YOUR ASSIGNMENT = Repeat, word for word and with nothing added, each line from the one containing "سلة مهملات قابلة" to the final line of the data, keeping both ends. Pictures are not part of the copy.

(Recorded data)
******

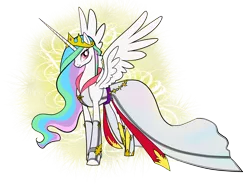 Size: 3312x2471 | Tagged: safe, artist:sakuyamon, derpibooru import, princess celestia, alicorn, pony, abstract background, clothes, costume, female, high res, kingdom hearts, mare, princess, solo, spread wings, wings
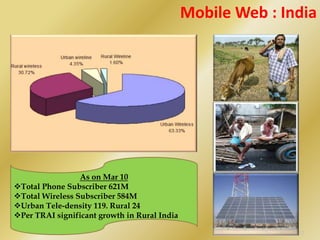 Mobile WebGartner : Top 10 Consumer Mobile Applications for 2012Money TransferLBS ($96m in 09 to $526 m in 12)Mobile SearchMobile BrowsingMobile Health MonitoringMobile PaymentNear Field Communication ServicesMobile Advertising ($530 m in 08 to $7.2b in 12) Mobile Instant MessagingMobile MusicTop 10 iPhone AppsTweetie 2 Yelp Slacker FlightTrack Pro Mint SlingPlayer Mobile The Small Chair (McSweeney's) RunKeeperPhotoshop.com MobileLocavore10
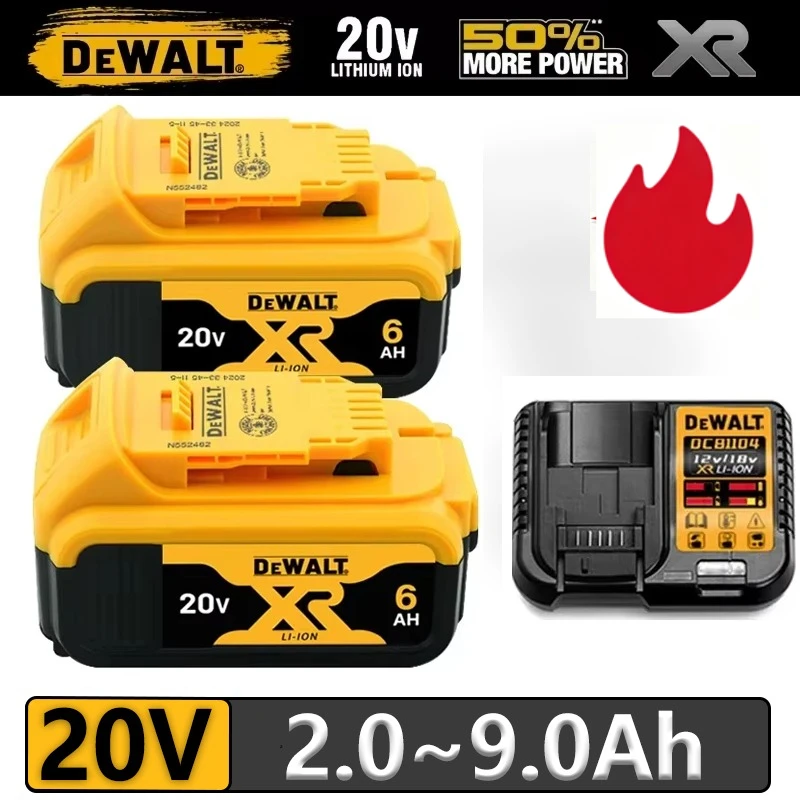 Batería Dewalt 20V 100% original, batería recargable de 20V 6Ah 5Ah y cargador DCB206 para herramienta eléctrica Dewalt, batería de repuesto.
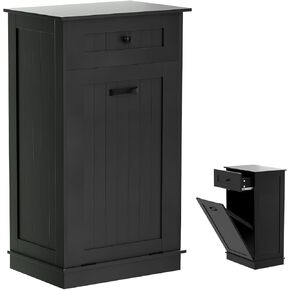 سلة مهملات قابلة للامالة للخارج من فيجن واردز، خزانة سلة مهملات خشبية للمطبخ، حامل سلة مهملات مقاوم للكلاب، جزيرة مطبخ مع سلة قمامة او سلة غسيل قابلة للامالة للخارج، اسود in Kuwait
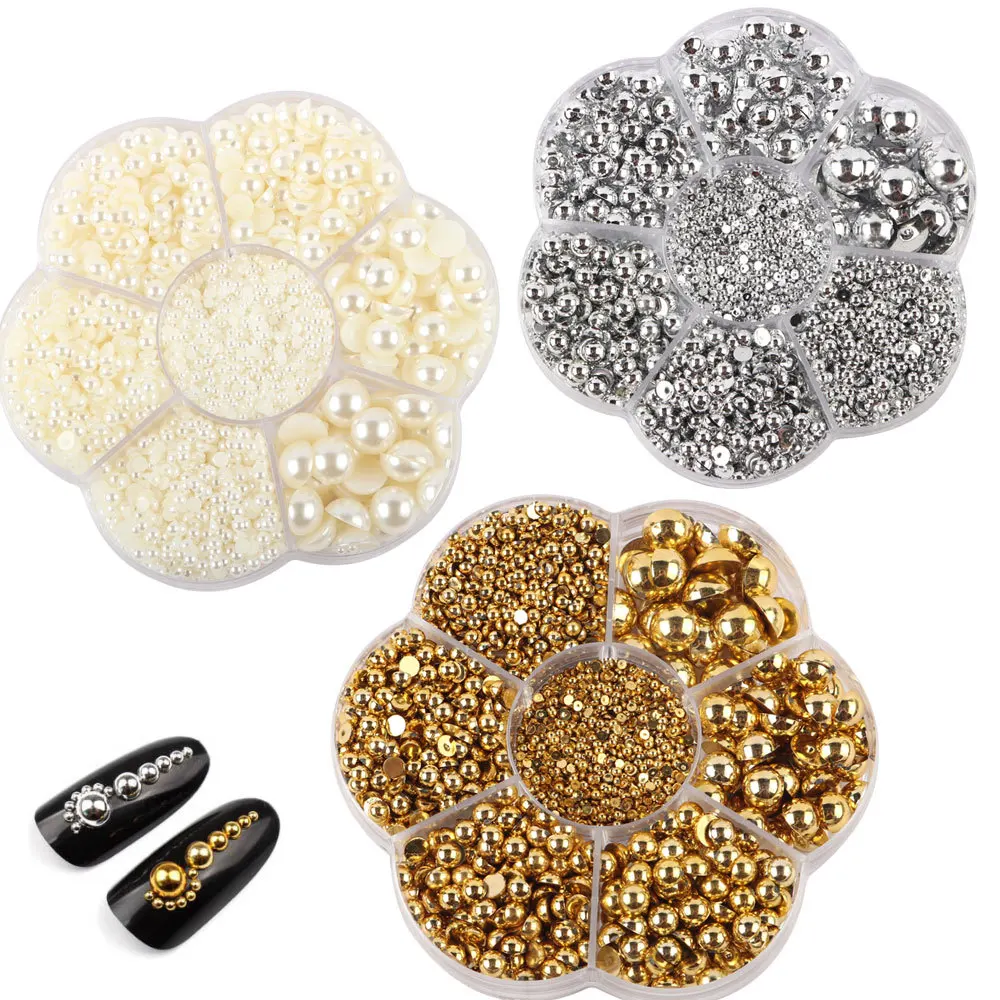 XULIN 2mm 3mm 4mm 5mm 6mm 8mm 10mm 7Grids ABS Round Plastic Hlaf Pearl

******

ANSWER BOX =
 سلة مهملات قابلة للامالة للخارج من فيجن واردز، خزانة سلة مهملات خشبية للمطبخ، حامل سلة مهملات مقاوم للكلاب، جزيرة مطبخ مع سلة قمامة او سلة غسيل قابلة للامالة للخارج، اسود in Kuwait
 XULIN 2mm 3mm 4mm 5mm 6mm 8mm 10mm 7Grids ABS Round Plastic Hlaf Pearl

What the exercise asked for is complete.